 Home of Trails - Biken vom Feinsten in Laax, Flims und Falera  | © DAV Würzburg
* * *
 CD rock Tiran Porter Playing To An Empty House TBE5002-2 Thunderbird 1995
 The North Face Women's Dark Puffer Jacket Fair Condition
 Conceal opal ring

# Work request
Working from the records above, write out verbatim only the lines from the line containing "CD rock Tiran" through the line containing "Conceal opal ring".

# Task answer
 CD rock Tiran Porter Playing To An Empty House TBE5002-2 Thunderbird 1995
 The North Face Women's Dark Puffer Jacket Fair Condition
 Conceal opal ring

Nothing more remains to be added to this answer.